Uses and Disclosure of Patient Information
Treatment
Your health information may be used by staff members evaluating your health care professionals for the purpose of evaluating your health, diagnosing medical conditions, and providing treatment. For example, results of laboratory tests and procedures will be available in your medical record to all health professionals who may provide treatment or who may be consulted by staff members.
Payment
Your health information may be used to seek payment from your health plan, from other sources of coverage such as an automobile insurer, or from credit card companies that you may use to pay for services. For example, your health plan may request and receive information on dates of service, the services provided, and the medical condition being treated.
Health care operations
Your health information may be used as necessary to support the day-to-day activities and management of Southeast Neuroscience Center. For example, information on the services you received may be used to support budgeting and financial reporting, and activities to evaluate and promote quality.
Law enforcement
Your health information may be disclosed to public health agencies to support government audits and inspections, to facilitate law-enforcement investigations, and to comply with government-mandated reporting.
Public health reporting
Your health information may be disclosed to public health agencies as required by law. For example, we are required to report certain communicable diseases to the state’s public health department.
Other uses and disclosures require your authorization. Disclosure of your health information or its use for any purpose other than those listed above requires your specific written authorization. If you change your mind after authorizing a use or disclosure of your information you may submit a written revocation of the authorization. However, your decision to revoke the authorization will not affect or undo any use or disclosure of information that occurred before you notified us of your decision to revoke your authorization.
Additional Uses of Information
Your health information will be used to
- Provide you with appointment reminders (via voicemail, US Postal Service or E-mail).
- Send you information that you may find interesting on the treatment and management of your medical condition and other health-related products and services that may interest you.
- Get help with your healthcare or with payment for your healthcare from family member, friend or other person to the extent necessary (only if you agree that we may do so).
- Notify, or assist in the notification of (including identifying or locating) a family member, your personal representative or another person responsible for your care, of your location, your general condition, or death.
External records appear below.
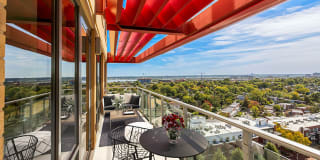 DelRay Tower Apartments Gallery 16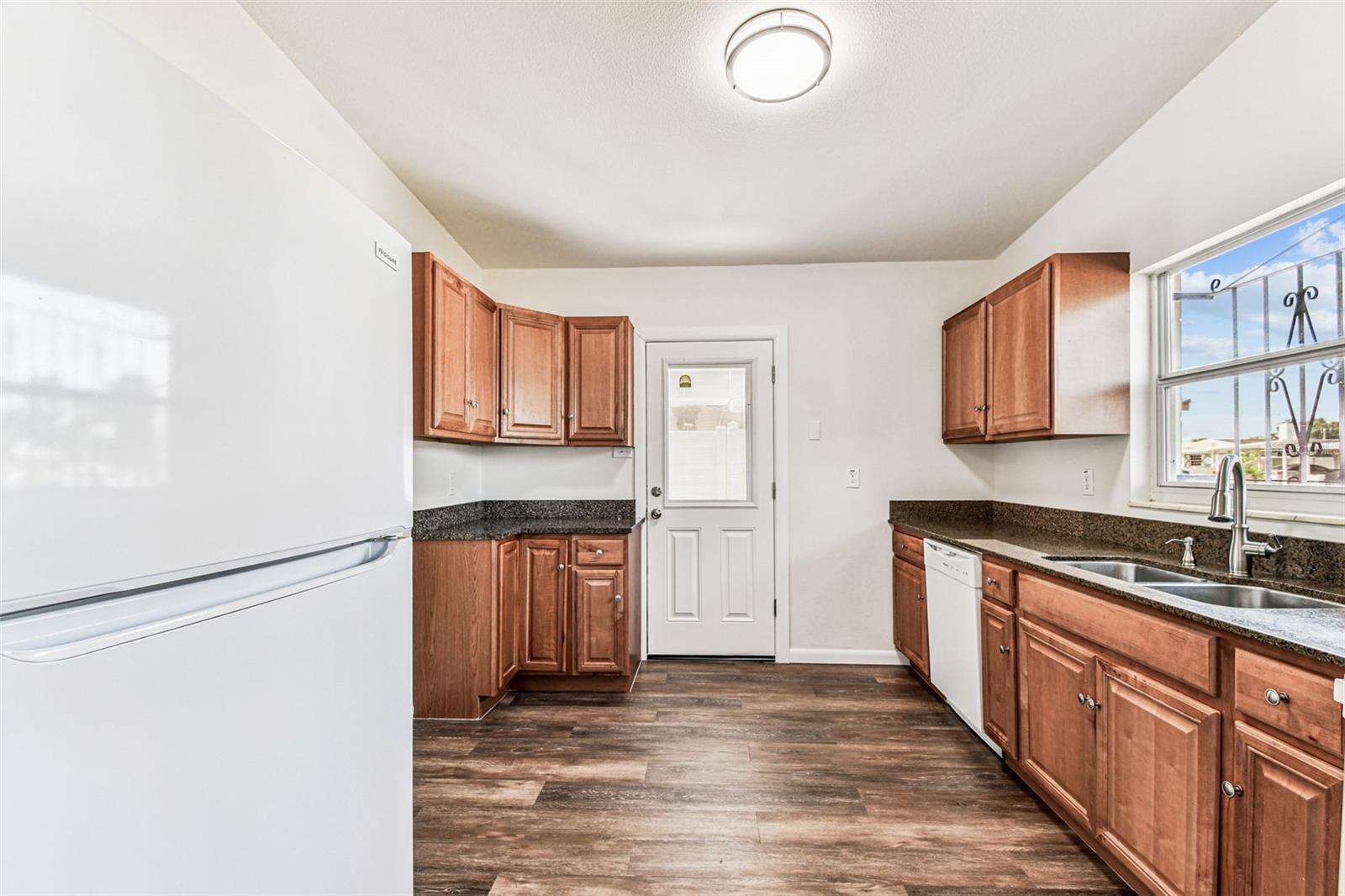 Image 9 of 53 For 6219 Hale Avenue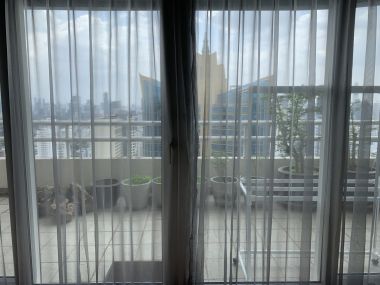 For rent at Las Colinas Penthouse 4 Bedroom 6 Bathroom 1 working room, 1 made room 320,000THB/month Fully furnished (can negotiate)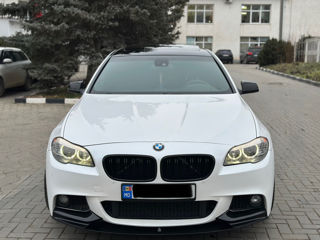 BMW 5 Series foto 3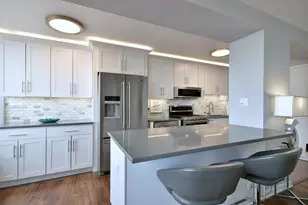 3950 N Lake Shore Dr, Chicago, IL 60613 - Photo 11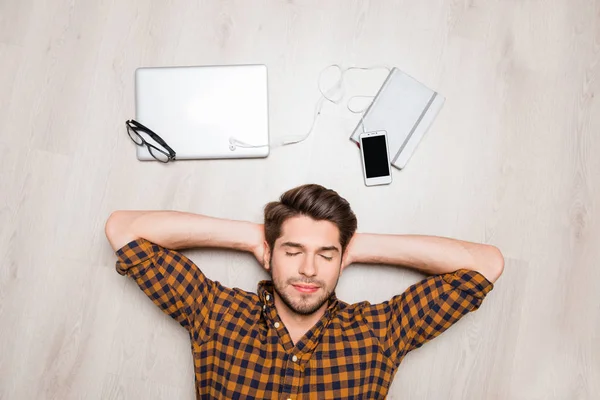 Retrato de un joven tranquilo tumbado en el suelo y durmiendo — Foto de Stock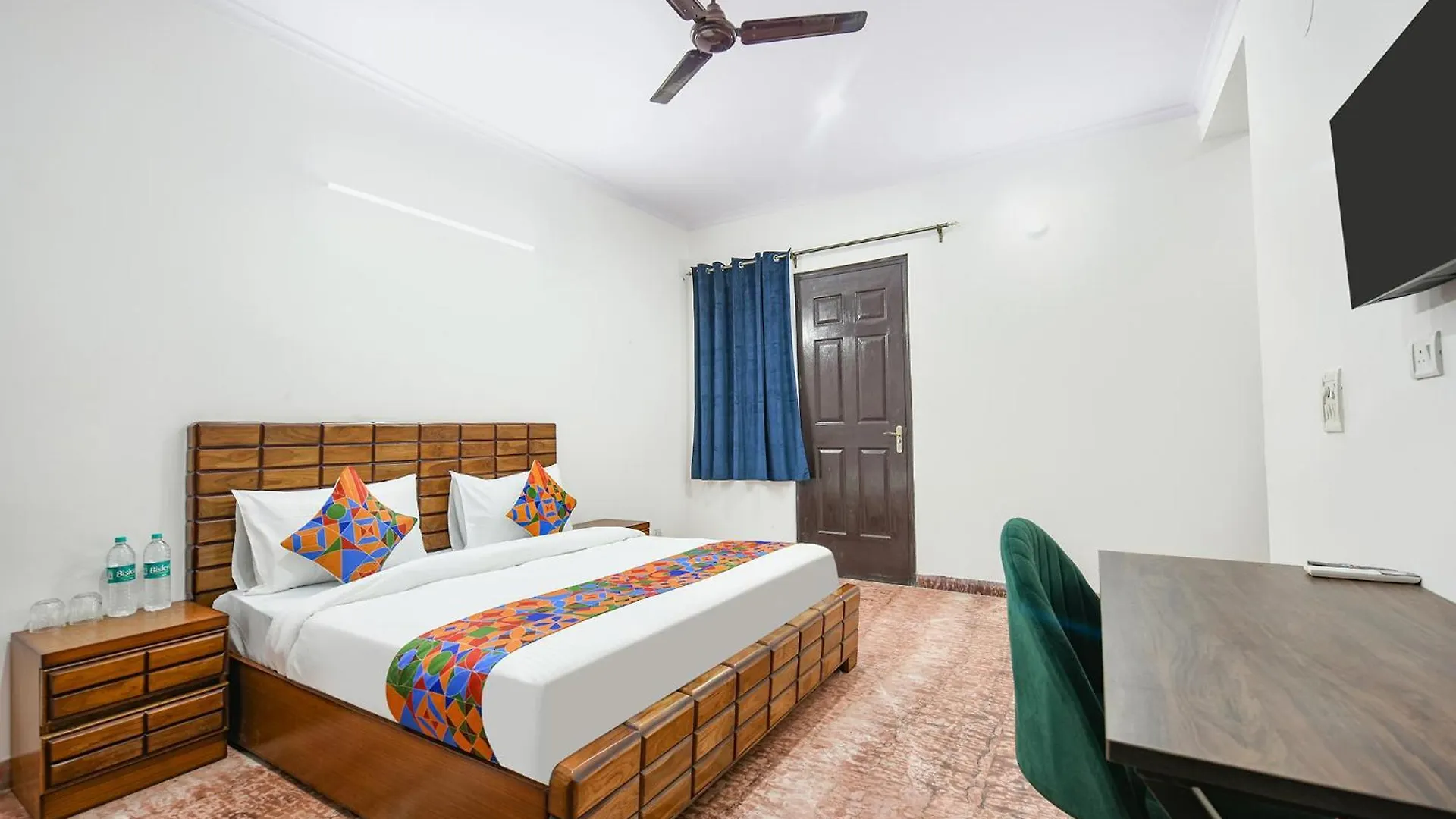 Hotel Fabexpress Royal Casa Gurgaon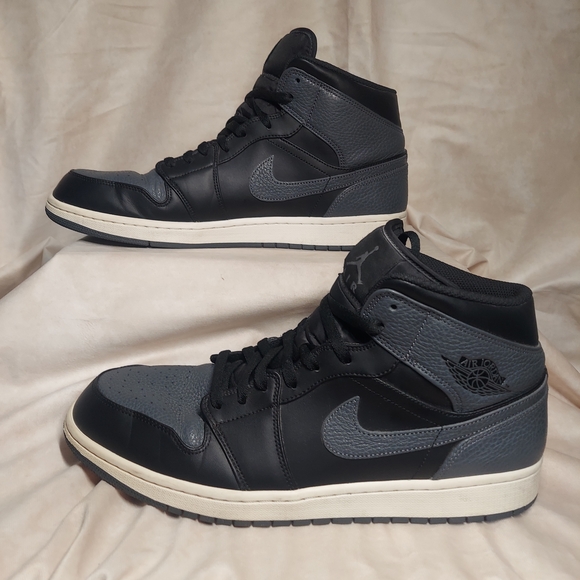Nike Air Jordan 1 Retro Mid Black Dark Grey Men's Size 14 Used Good Condition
If you are present, then prior to use or disclosure of your health information, we will provide you with an opportunity to object to such uses or disclosures. In the event of your incapacity or emergency circumstances, we will disclose health information based on a determination using our professional judgment disclosing only health information that is directly relevant to the person’s involvement in your healthcare.
We will also use our professional judgment and our experience with common practice to make reasonable inferences of your best interest in allowing a person to pick up medication samples, medical supplies, x-rays or other similar forms of health information.